Dataset entries
++++

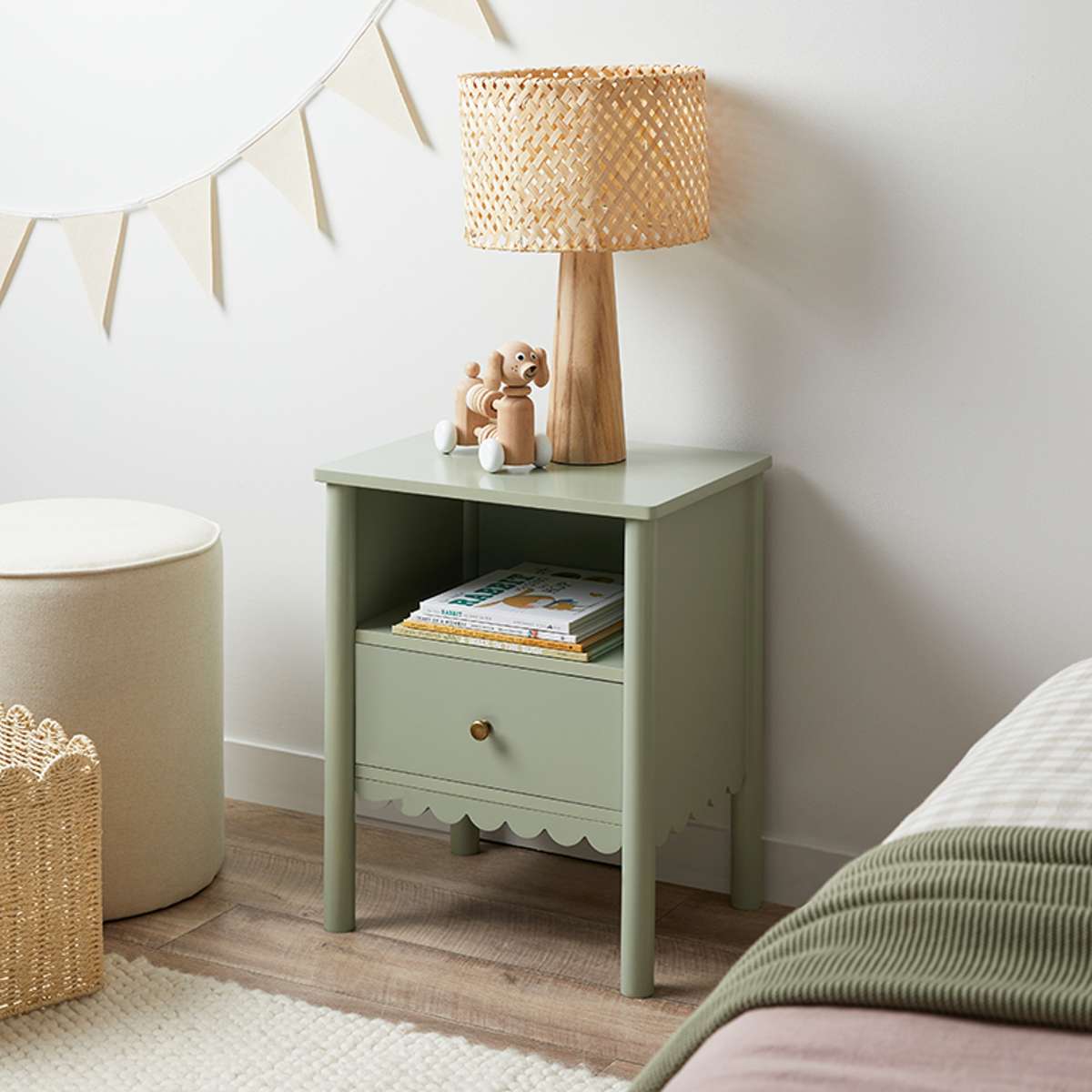 Maisie Scalloped Bedside Table - Sage Green | Mocka NZ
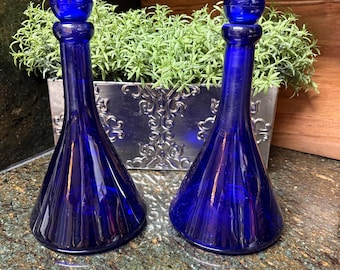 Vintage Italian MCM Glassware Set of 2 Cobalt Blue Genie Decanters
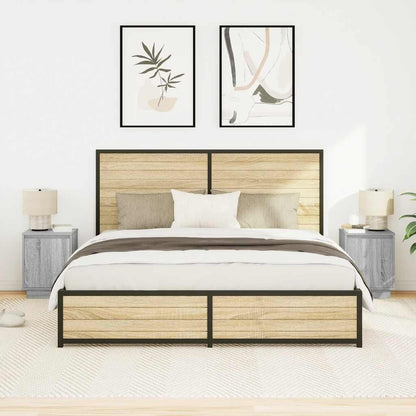 vidaXL Bedside Cabinets with LED Lights 2 pcs Grey Sonoma 38x34x50 cm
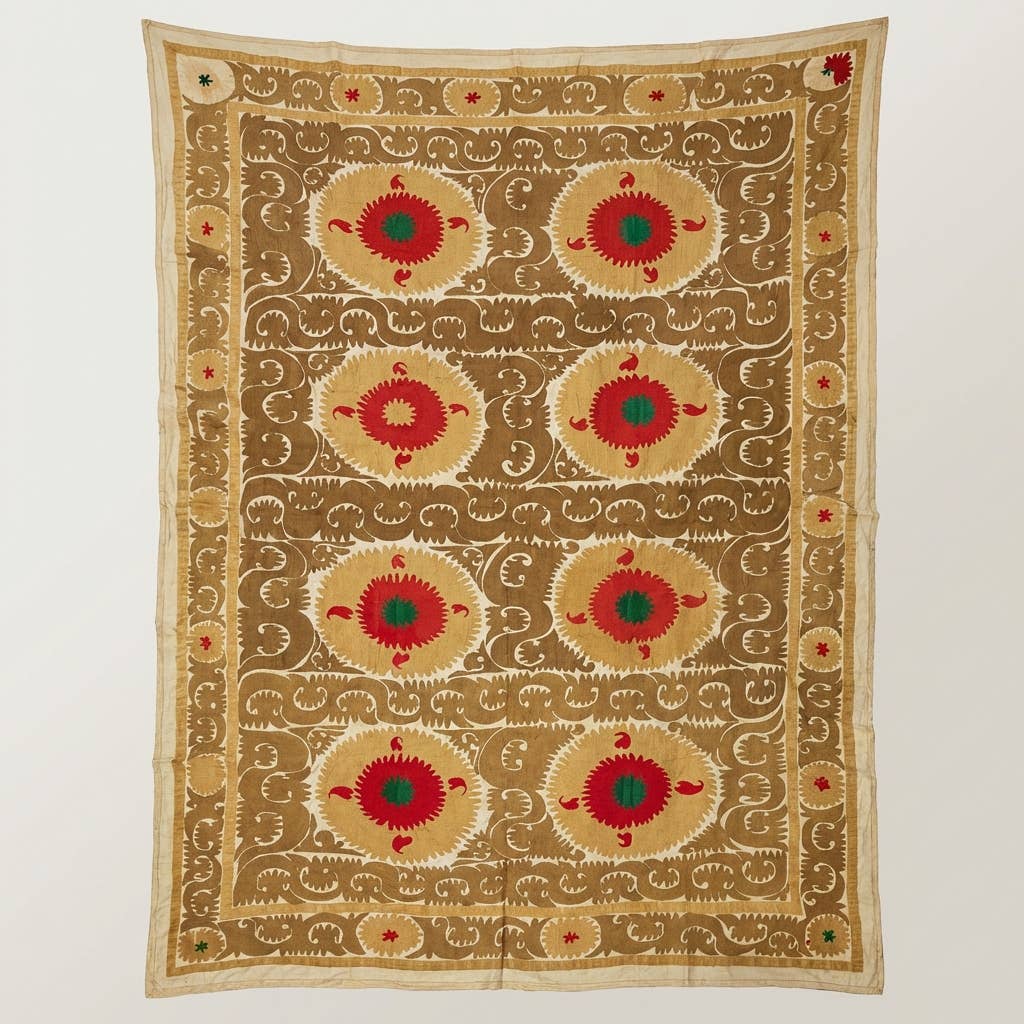Hand-Embroidered Suzani Wall Hanging & Bedspread 7'5'' x 11'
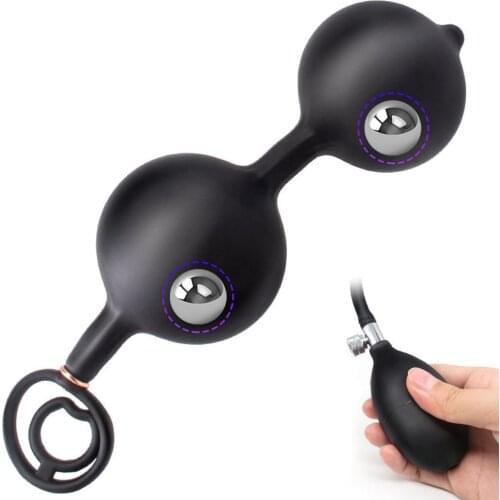 Outdoor Inflatable Anal Beads Male Deep Expandable Exercise Plug With Rings Huge Butt Plug Prostate Massager With Metal Ball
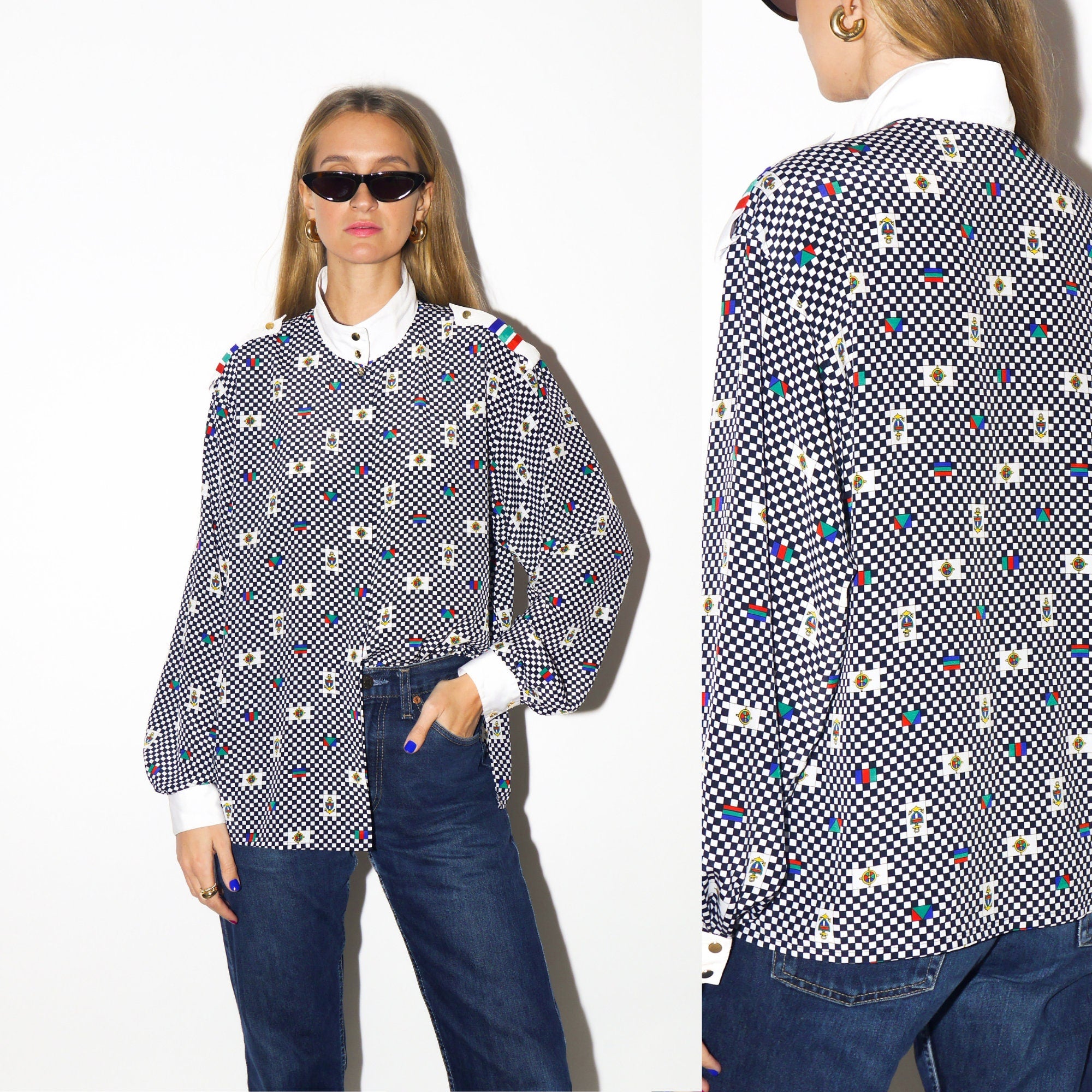 VINTAGE shirt 1980s | Yarell marine shirt | chequered shirt | soft fabric | stand-up collar shirt | white and black checkered pattern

++++

* _WHAT IS REQUIRED_:
Reproduce exactly, and only, the lines from the one holding "Hand-Embroidered Suzani Wall" through the final line of the entries. Do not include the pictures.

* _RESULT OF THIS EXERCISE_:
Hand-Embroidered Suzani Wall Hanging & Bedspread 7'5'' x 11'
 Outdoor Inflatable Anal Beads Male Deep Expandable Exercise Plug With Rings Huge Butt Plug Prostate Massager With Metal Ball
 VINTAGE shirt 1980s | Yarell marine shirt | chequered shirt | soft fabric | stand-up collar shirt | white and black checkered pattern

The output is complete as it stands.